Por ese agujero de inodoro se desciende también a la gran novela póstuma: en la trastienda de Trastiendas se escucha el torbellino, los lamentos de las almas en pena, la legión de fantasmas y suicidas entre los que ya se contaba el propio Collazo, hablando, inventando, murmurando... (Trastiendas es nuestro Pedro Páramo.) En esa suerte de Havana Club lleno de socios de la baja sociedad el olor azufre ya está en la calle, en todas partes. Olor a azufre y a pezuña quemada que flota en el aire, "dejando atrás una serpentina de billetes verdes, un penetrante aroma a mirra e incienso".

Pero volvamos a Felo. Al ángel que se le acaba de aparecer, "metido entre nubes rosaditas, entre fulgores y melodías, oliendo a gloria, a puticas y a delirios sensuales", Felo le confiesa que estaba soñando con su jefe, un hijo de puta lleno de consignas que lo tiene empapelado, uno de esos tipos que escalan a costa de los miserables de abajo, uno de esos tipos...

El ángel lo interrumpe inmediatamente. "Felito, por la Virgen María", le dice. "¿Tú inventaste a esos tipos, tú los fabricaste?", le pregunta. "¡Entonces olvídate de ellos! Dale agua a eso, cógele su vuelta. Yo me voy al dancinlai y tú te vienes conmigo y te borras todas esas musarañas y herejías de la cabeza".

Las cursivas son mías.

"Este país está descojonado", agrega Felito, descojonado él también, y el ángel aplica la misma lógica: "¿Quién dijo que está descojonado? Y en última instancia, ¿lo descojonaste tú?"

"Este país es el paraíso", declarará más tarde el no menos descojonado Juan de los Muertos de Brugués. Aquí este ser de alas multicolores apunta: "¿Quieres que te diga la verdad? Para mí está de maravilla. Y no quiero, entiéndeme, no quiero ni voy a permitir que me lo cambien un átomo. ¿Estamos? Mira en torno tuyo, cabezón. ¿Qué ves? ¿No es esto el paraíso?"

Las cursivas son de Collazo.

Su personaje se rinde finalmente a la propuesta angelical. Beber y vacilar en la playa con unas niñas de tetas suculentas. Vamos a ponernos contentos, Felito, contentos. Vamos a ponernos la gorrita del Papa.

En el Puente de Hierro y sus alrededores a menudo me pongo a pensar en qué hacer con la onda expansiva de la descojonación, que abarcó por supuesto a Miguel Collazo y a las lecturas que hoy hacemos de sus libros.

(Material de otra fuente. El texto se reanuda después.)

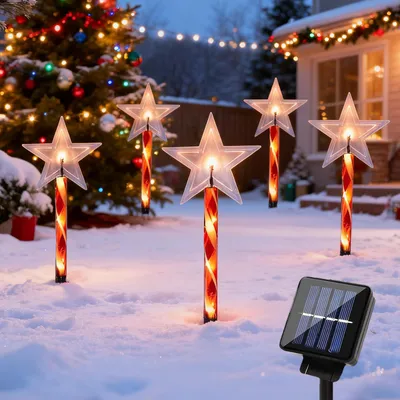 Solar-Sterne 5er-Set, IP65, warmweiß, Außen-Weihnachtsbeleuchtung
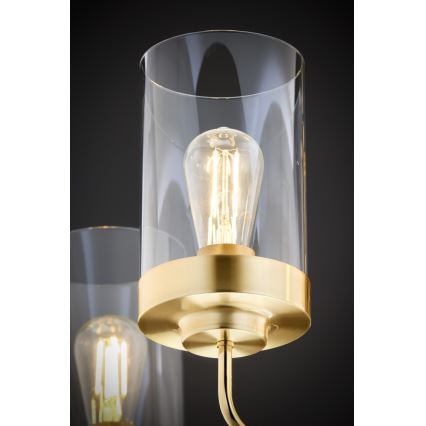 Jupiter 2088 - Kroonluchter met stang RAMIREZ 5xE27/15W/230V goud/zwart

Y desde ahora me interesan especialmente los distintos ecos que puede tener la voz de ese ángel suyo en los escritores que llegarán a un país de átomos ya cambiados, revueltos en el agua sucia del dominó.

Porque, a nadie le quepa duda, ese ángel, que es también un poderoso demonio, va a seguir hablando.


Este texto apareció originalmente en la revista Voces. Se reproduce con autorización del autor.